Tech & Innovation in Healthcare

Is synaptic density an indicator of early-stage AD? Find out.

With the number of patients affected by dementia and Alzheimer’s disease (AD) (thought to be the most common form of dementia) estimated to nearly double by 2050, researchers are working tirelessly to detect the disease at earlier stages and learn how to treat it effectively.

Learn how researchers at Yale University and Stony Brook University are using imaging tests to assess how AD affects the brains of living subjects.

Project the Effects of Alzheimer’s Disease on the Aging Population

According to a 2022 Alzheimer’s Association report, approximately 6.5 million Americans 65 years and older are living with AD, and that number is projected to reach 12.7 million people by 2050. AD slowly deteriorates the memory and thinking skills and is the most common cause of dementia among older adults.

In 2020, the National Institute of Health (NIH) announced the annual investment of funding for Alzheimer’s disease and dementia research was raised to $3.1 billion. While scientists have not discovered a common cause of AD for most people, researchers continue to try to understand the debilitating disease.

Use PET Scans to Assess Synaptic Density

Yale University researchers, led by Adam Mecca, MD, PhD, assistant professor of psychiatry, and Christopher van Dyck, MD, professor of psychiatry, neurology, and neuroscience, both from the Alzheimer’s Disease Research Unit at Yale University School of Medicine in New Haven, Connecticut, published a study in February 2022. During the study, researchers evaluated synaptic density in living brains to assess if a decrease in synaptic density causes AD to progress. Using a compound tracer that binds to the glycoprotein 2A (SV2A) synaptic vesicle, researchers could use positron emission tomography (PET) imaging to measure the synaptic density. Almost every synapse expresses the SV2A protein, which is located in synaptic vesicles at presynaptic terminals in the brain.
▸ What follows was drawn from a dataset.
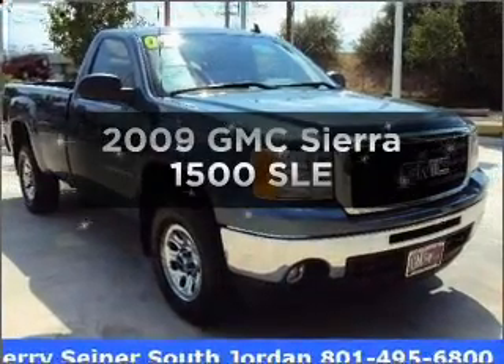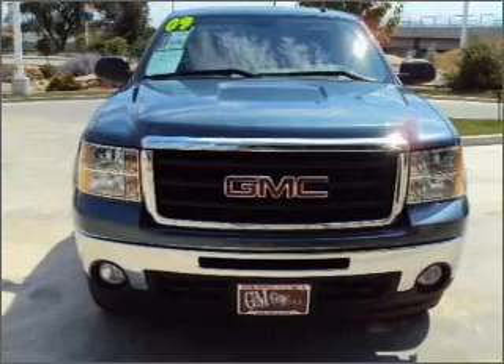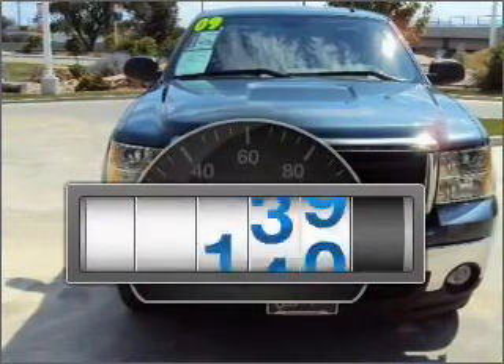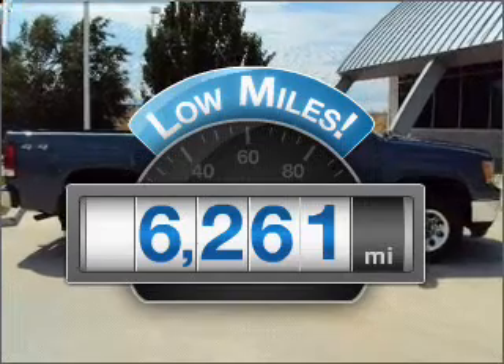Presenting the 2009 GMC Sierra 1500. Travel the roads in style and comfort in this great vehicle. Low mileage is an important factor in your purchase, and this vehicle delivers a low odometer reading.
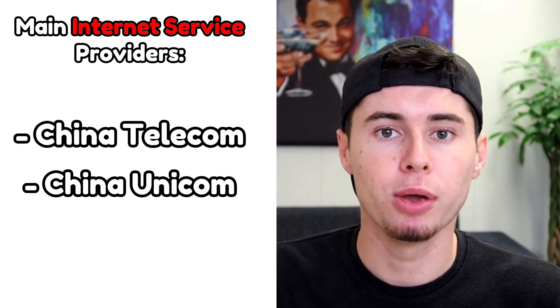When planning to use the internet in China, it's important to be aware that the online resources available can change from one province to another. Some regions might even have a law limiting daily internet access. To avoid expensive roaming charges, it's a good idea to purchase a local Chinese SIM card. The main internet service providers in China are China Telecom, China Unicom, and China Mobile. Before you travel to China, it's crucial to download and set up a VPN on your devices.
During the study, the researchers aimed to “examine the relationship between synaptic density and cognitive performance in early AD” using the PET imaging and “an extensive neuropsychological test battery,” Mecca and van Dyck wrote. The researchers hypothesized that synaptic density in brain areas typically affected by AD is associated with global neuropsychological function and in individual cognitive domains. Multiple studies have found that loss of synaptic function is a major factor in the cognitive impairment in AD.

Yale researchers studied 45 participants with early AD, ranging from 50 to 85 years old. During the study, researchers also examined the participants’ global cognition and performance on “five individual cognitive domains,” which included:

• Verbal memory
• Language
• Executive function
• Processing speed
• Visuospatial ability (orienting objects in space)
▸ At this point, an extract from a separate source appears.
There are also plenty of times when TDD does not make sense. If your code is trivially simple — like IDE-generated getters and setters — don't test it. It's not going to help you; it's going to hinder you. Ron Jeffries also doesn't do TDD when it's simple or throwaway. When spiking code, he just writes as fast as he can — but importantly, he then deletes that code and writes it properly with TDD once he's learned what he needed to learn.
The results showed a correlation between the global cognition and the subjects’ performance on the cognitive domains listed above. Comparing the synaptic density as measured by the PET scans to the cognitive performance, researchers found that subjects with reduced synaptic density experienced lower test scores.
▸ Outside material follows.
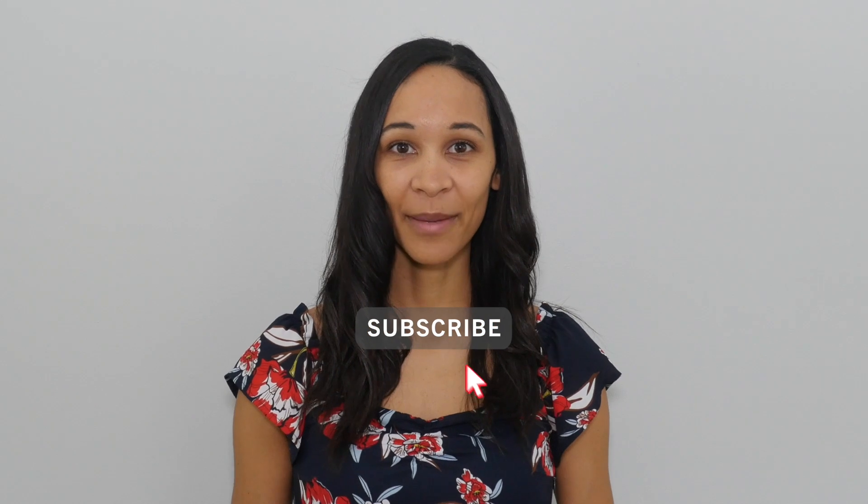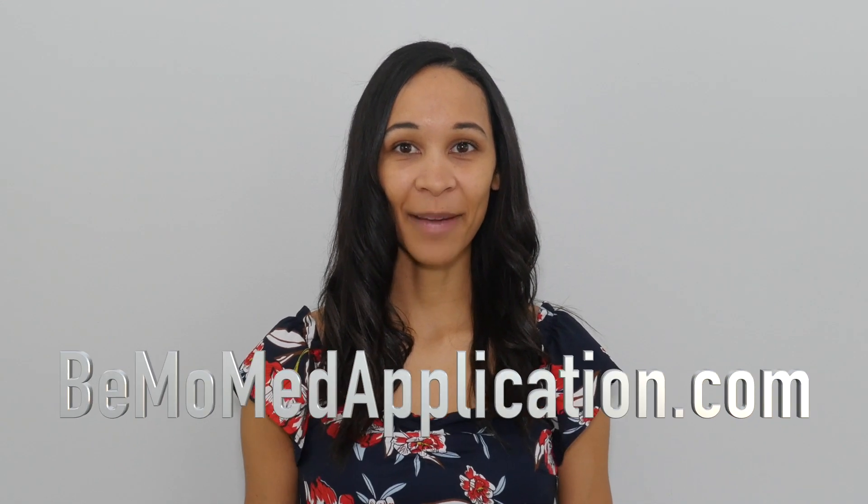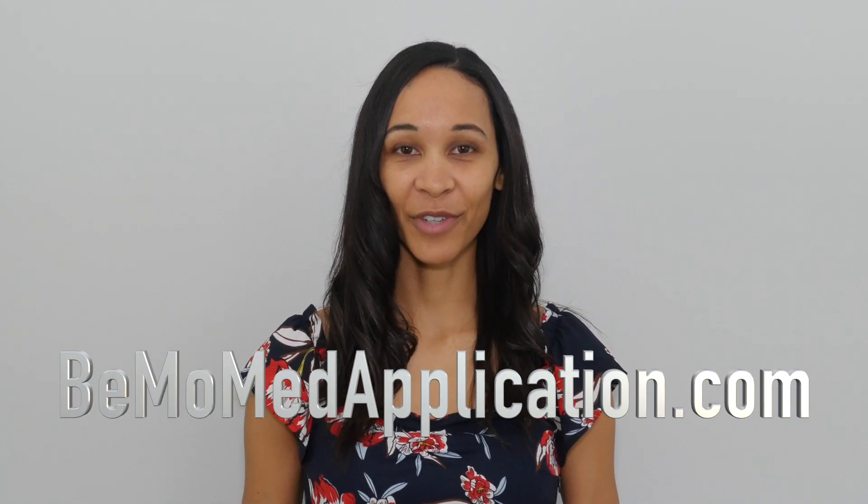That concludes another one of our videos, so thanks for watching. Hopefully you found it helpful, so please subscribe, like, and leave a comment if you have any questions. If you'd like us to help you with your medical school application, go to BMOMedApplication.com to schedule your free initial consultation.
“These results confirm neuropathologic studies demonstrating a significant association between synaptic density and cognitive performance, and suggest that this correlation extends to the mild and prodromal stages of AD,” the authors wrote.

Even when comparing the synaptic density to gray matter volume, researchers found that the measure of synaptic loss measured by the PET scans provided a more accurate assessment. As AD progresses, patients can experience an overall loss of brain volume. Gray matter is the outer brain layer that normally houses a high density of neurons. During the study, the reduced gray matter volume accurately predicted lower test scores in only two of the five cognition performance tests.

While this study showed that PET scans can be useful in early detection of AD, longer studies are needed over time as the disease develops to assess if synaptic density can serve as a reliable predictor of cognitive health decline.

Image the Cholinergic System With Simultaneous PET/MRI

Researchers at Stony Brook University’s Renaissance School of Medicine, led by biomedical engineer, Christine DeLorenzo, PhD, are currently studying how damage occurs to the brain’s cholinergic neurons, which results in AD.

The cholinergic system of the brain handles the synthesis and secretion of acetylcholine. When the system experiences cholinergic neuron progressive degeneration, the acetylcholine depletes, which results in cognitive decline. This is a significant contributor to AD in patients.

Using PET scans, Stony Brook Medicine researchers can image the cholinergic system both mice and human beings’ living brains. With these scans, the researchers are able to compare the studies done with mice to the same gene expression in AD to further evaluate the human cholinergic system.

Stony Brook researchers are also using simultaneous PET and magnetic resonance imaging (MRI) scans to examine the cholinergic system and its effects on the brain structure and function. The concurrent scanning lets researchers to view human subjects’ brains in health and disease.

The Stony Brook University study is ongoing, but in September 2019, the NIH awarded the Stony Brook team a $4.3 million grant over five years to fund their study.